2003 AUTOBACS JGTC 第5戦『JAPAN SPECIAL GT CUP』 8.2予選, 3決勝/富士スピードウェイ


最終ラップの大逆転! TAKATA童夢NSXが劇的勝利!!
あと1周…。またも悲運のauセルモスープラ
富士・現コース、最後のJGTCは3大ワークスが表彰台を分ける
18 NSX
No.18 TAKATA DOME NSX

 やや雲は多かったが、梅雨明けとなり夏の暑さがやって来た8月3日、富士スピードウェイで2003 AUTOBACS全日本GT選手権(JGTC)第5戦JAPAN SPECIAL GT CUPの決勝レースが行われた。レースはラストラップで逆転した、予選3位のNo.18 TAKATA童夢NSXが優勝。不振と言われたNSXが、しかも不利な富士で劇的な今季初勝利を挙げた。GT300では、No.19 ウェッズスポーツCELICAが盤石の走りでポール・トゥ・フィニッシュを飾った。

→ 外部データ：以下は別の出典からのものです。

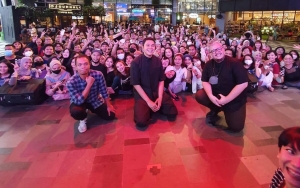 Tulus Beri Kejutan Nyanyikan 'Nala', Bikin Konsentrasi Partisipan #SyncChoir Buyar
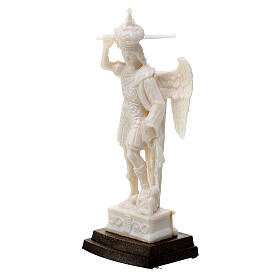 Statue de Saint Michel Archange en PVC défaite Lucifère 8 cm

 5万1,000人の観衆を集めたサーキットでは、今年の富士で3戦3ポール。昨年の第5戦からは4連続という富士では驚異的な速さを見せたauセルモスープラが、このポールから今季初勝利を挙げられるかに焦点が集まっていた。
 決勝スタートは、曇り、気温31度、路面温度43度とこのレースウィークで一番暑くなったコンディションでスタート。No.38 auセルモスープラの竹内浩典はポールから好スタートを決め、序盤こそ2番手のNo.37 ZENTトムススープラの黒澤琢弥に食い下がられるが、10周目以降ZENTのタイヤが消耗してペースダウンして以降は、後続と2〜4秒差をキープし、まったく迫られることなく安定したペースで周回を重ねていく。
 これに対し2番手以降は大激戦が展開された。No.37 ZENTと、No.18 TAKATA童夢NSXのフィリップ、No.36 WOODONEトムススープラの土屋武士、No.1 エッソウルトラフロースープラの飯田章が1線となり競り合う。この中でNo.37とNo.36は予想より高くなった路面温度がタイヤの消耗を早め、徐々に遅れ出す。だが、これに代わってNo.23 ザナヴィニスモGT-Rのクルムがこの2、3番手の争いに加わり、周回遅れが絡むたびに大混戦となる。この中で一歩抜け出たのは予選3位のTAKATA童夢NSXだった。スタート直後の1コーナーでこそNo.36の土屋にインを刺されて3番手となったが、何度かのサイド・バイ・サイドの末、36土屋を抜き返し、16周目に2番手に上がる。
 トップを走る38竹内は体調が悪かったというが、それでも30周目までトップを守り、そのまま上位陣のトップを切ってピットインを行ない立川祐路にバトンタッチ。続いて、31周目にNo.18 TAKATA童夢NSXがピットイン、次の周にNo.23 ザナヴィニスモGT-Rもピットに入る。このピットでの競争で、18童夢も23NISMOも38立川の前にマシンをコースに戻すが、タイヤがまだ温まっていないこともあって立川は相次いでこれらをパス。結局、このピットのタイミング以外では首位を譲ることなく、レース後半戦に入る。
 2番手はピット作業が速かった23 ザナヴィの本山哲。背後には18 TAKATAの道上龍がわずか1秒の差でつける。そして、38周目に道上は本山をパス。だが、今度は攻守代わって道上のテールを本山が脅かす。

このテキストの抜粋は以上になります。